Apple has reached a preliminary agreement with Intel to manufacture some chips for its devices—a deal that would end years of estrangement between the two companies and mark one of the more consequential shifts in the semiconductor industry in recent memory, the Wall Street Journal reported.
The two companies have been in intensive talks for over a year, with a formal agreement taking shape in recent months, per WSJ. Neither Apple nor Intel has commented publicly. Intel shares surged nearly 15% on the news; Apple was up roughly 1.7%.
The deal would be a significant shot in the arm for Intel’s long-struggling foundry business—and a symbolic homecoming of sorts. Apple relied on Intel processors for its Mac lineup from 2006 until 2020, when it made the celebrated pivot to its own Apple Silicon chips. Intel shares have now climbed more than 200% this year.
TSMC can only do so much, and Apple Knows It
At the heart of this is a supply chain problem Apple can no longer ignore.
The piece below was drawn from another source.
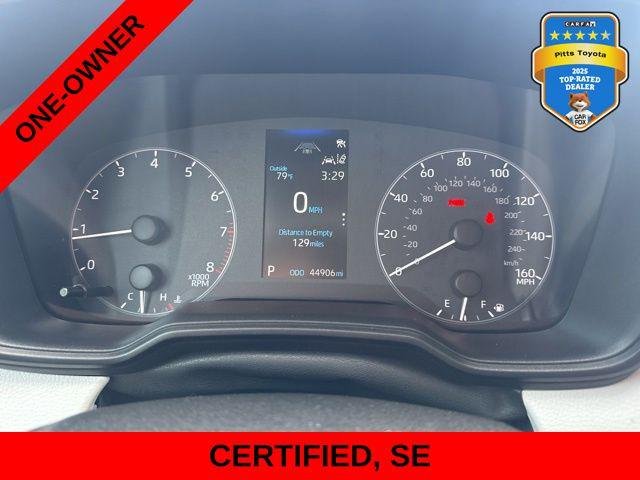 Certified Used 2025 MIDNIGHT BLACK METALLIC Toyota  image 18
TSMC, which manufactures every advanced chip Apple currently uses, is running at full tilt—its wafer capacity stretched thin by soaring AI chip demand from the likes of Nvidia. Apple is TSMC’s second-largest customer. On its April earnings call, CEO Tim Cook acknowledged the company has “less flexibility in the supply chain than we normally would,” with Mac and iPhone supply both constrained by advanced node shortages.
Bloomberg reported earlier this week that Apple had also held exploratory talks with Samsung, with executives visiting the Korean giant’s chip plant under construction in Texas. But analyst Ben Bajarin of Creative Strategies put it plainly: “Intel is the only place that can scale up capacity as a viable second source.”
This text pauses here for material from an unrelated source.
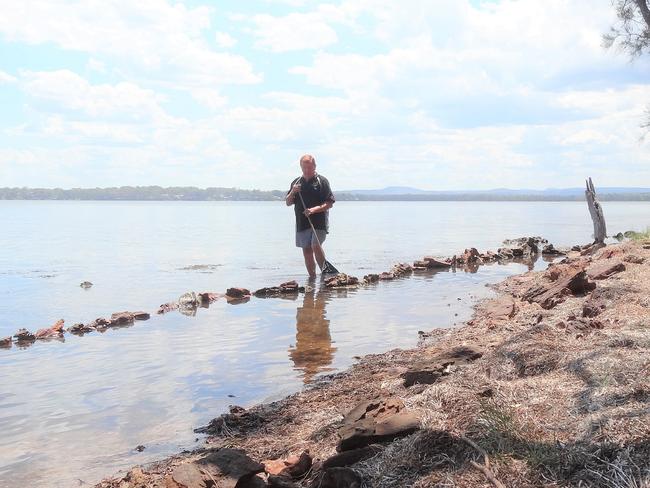 Is this a historic fish trap or a rock pool?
Intel’s 18A-P node—not the current one—is likely Apple’s target
The deal’s fine print matters here. Intel is currently ramping high-volume production at its Chandler, Arizona fab on its 18A node—comparable to TSMC’s 2nm process. But Bajarin described 18A as “a little bit rough,” suggesting Apple will likely wait for Intel’s next iteration, 18A-P, which he expects could scale as early as next year.
Supply chain analyst Ming-Chi Kuo reported late last year that Intel is expected to begin shipping Apple’s lowest-end M processor—used in the MacBook Air and iPad Pro—on the 18A-P node as early as the second or third quarter of 2027, pending PDK milestone releases. Shipments for that chip are projected at 15–20 million units annually.
The WSJ also noted that Commerce Secretary Howard Lutnick met repeatedly with Apple leadership, including Tim Cook, to push the deal—and that President Trump personally made the case for Intel during a White House meeting with Cook.